Modern atolls have been studied systematically and thoroughly in the South China Sea. However, the knowledge of a paleo-atoll and related sedimentary system is very limited. Here we used the newly ...acquired high resolution 2D seismic data, and discovered three late Miocene atoll systems in the offshore Xisha Islands for the first time. We named them atoll system A, B, C, respectively. These three atoll systems, all developed on the horsts dominated by normal fault, consist mainly of atoll reefs, patch reefs, fore-reef slope deposits, and lagoons. On the basis of the interpreted sequence stratigraphic framework and the identification of fore-reef slope deposits, we suggested only the atoll system A continued to grow until Quaternary, and both of atoll system B and C had been drowned in Pliocene. In late Miocene, the atoll systems in the study area were most developed, either in magnitude or in maturity, which indicated late Miocene was the most flourishing period of reef builders, and this was in accordance with the drilling result of ODP Leg 184 in the South China Sea.
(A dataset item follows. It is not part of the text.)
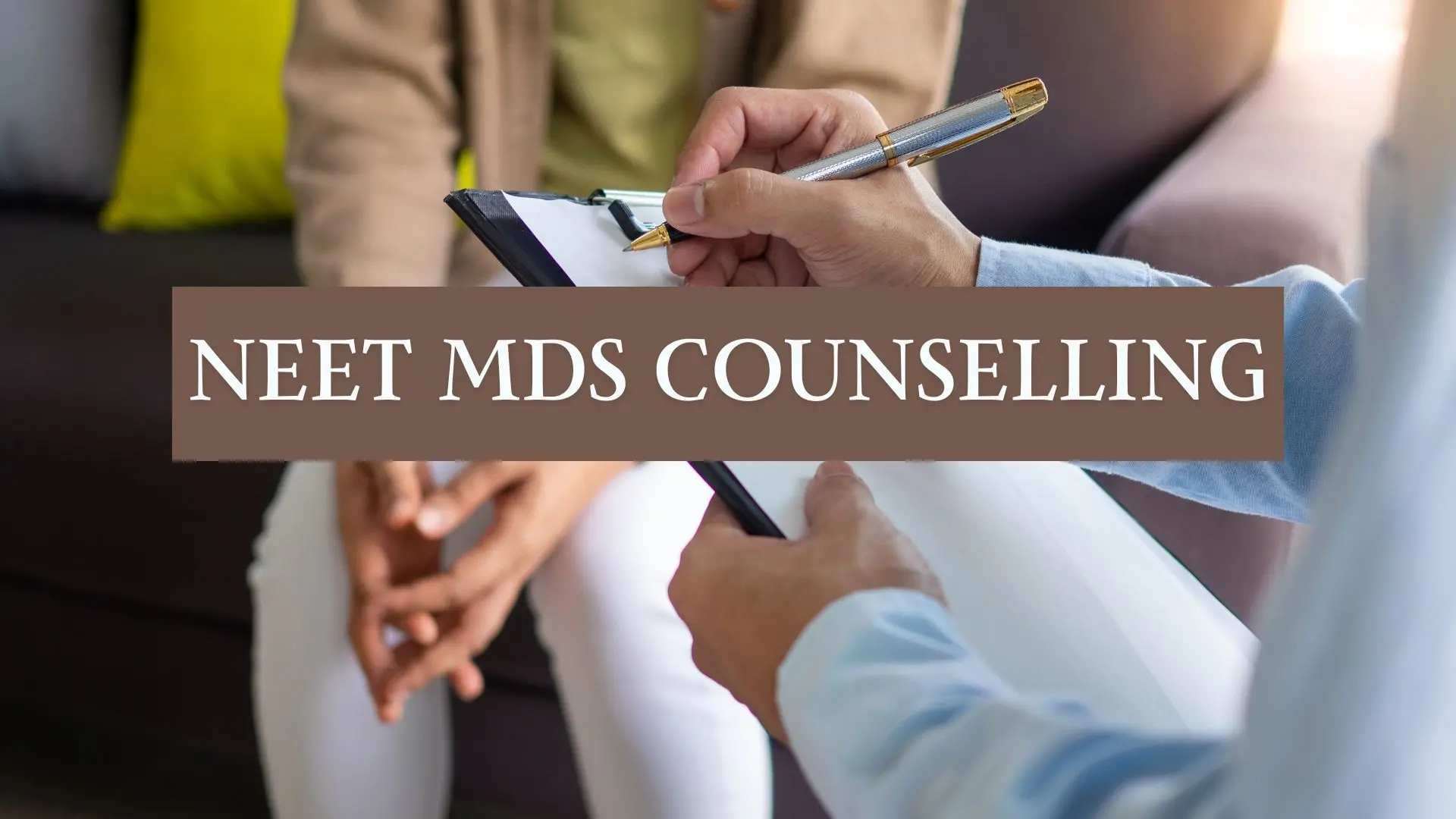 MCC releases seat vacancy position for Round 3 NEET MDS Counselling, Opens Window for NRI candidates seeking Nationality Conversion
Pliocene was an important reef drowning period in the study area, and both atoll systems B and C were drowned and hemipelagic deposits prevailed gradually. Quaternary was another reef drowning period in the study area, two large atoll reefs grown on the atoll system A were finally drowned, and hemipelagic deposits begun to drape and fill the palaeo-atoll systems. The growth and drowning of atolls are controlled mainly by tectonic subsidence in long term, but global eustatic can impact it in short term also.